興華は肩を強張らせながらも、真っ直ぐに見返した。
「……俺は、戦える」
「…ならば、試すがいい!」
彗天が声を張り上げ、剣を抜いた。
「この小僧、俺が叩き伏せてやる!」
氷雨が慌てて止めようとしたが、雪嶺は静かに手を挙げた。
「よい。――審判は私が務める。存分にやってみせろ」
興華も剣を抜く。冷たい月光を反射し、火花が散った。
最初は互角。だが次第に、興華の動きに変化が現れる。
呼吸が深まり、全身を巡る気の流れが熱を帯び、瞳がかすかに光を帯びた。
「なっ……!?」
彗天の剣は弾かれ、圧倒される。

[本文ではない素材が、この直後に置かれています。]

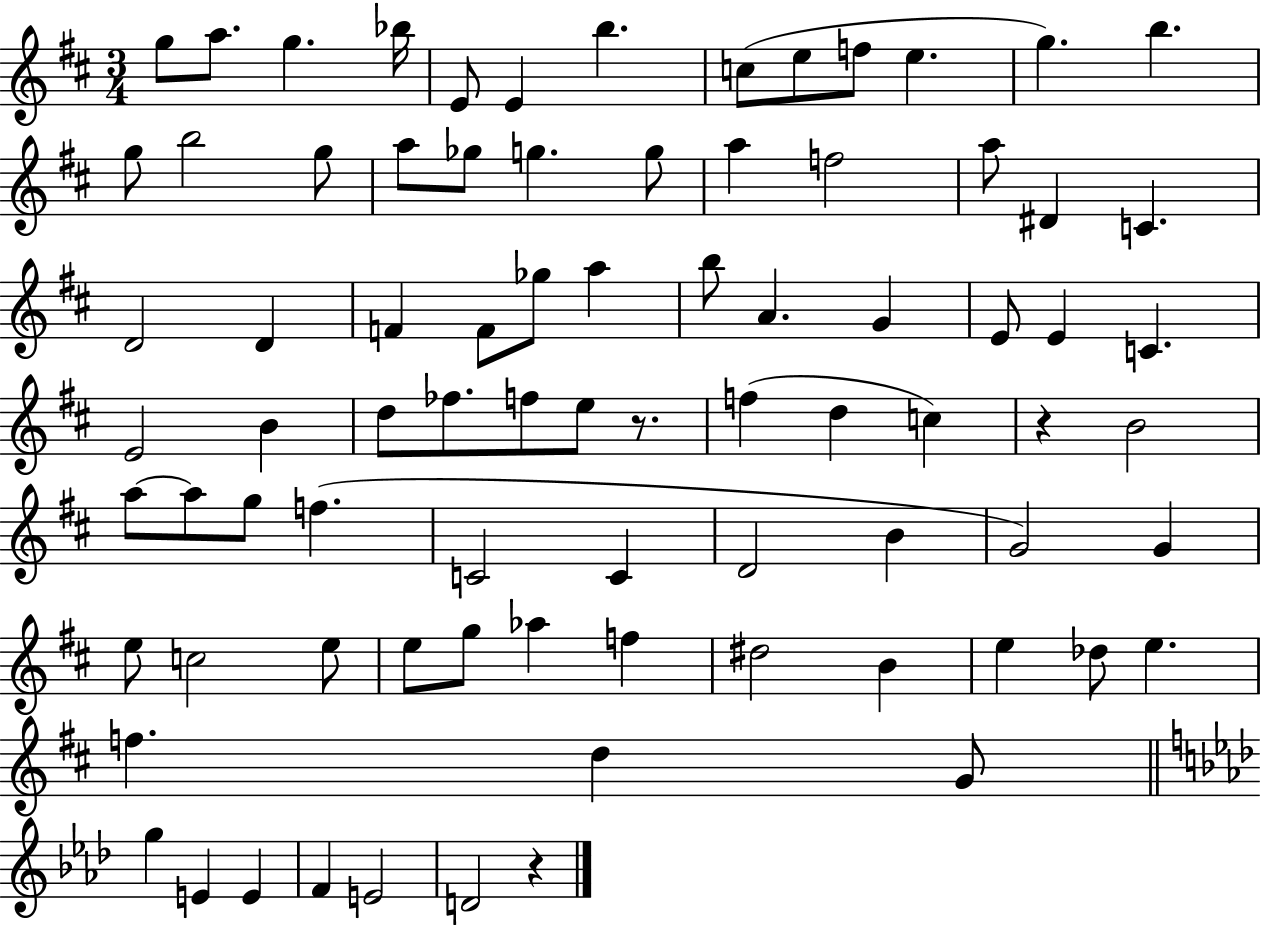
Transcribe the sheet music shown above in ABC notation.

興華の一撃は鋭く、重く、理を超えた力が込められていた。
「これは……気功と霊力の融合……!」
雪嶺が思わず低く呟く。
彗天は押され続け、やがて剣を叩き落とされた。
氷雨は呆然とし、声を失う。
「い、今の……何が起こったんだ……?」
雪嶺の眼差しには驚愕が走ったが、同時に深い納得の色も宿っていた。
「……二人は確かに『異質』だ。柏林国の末裔――その血の証か」
(※回想終わり)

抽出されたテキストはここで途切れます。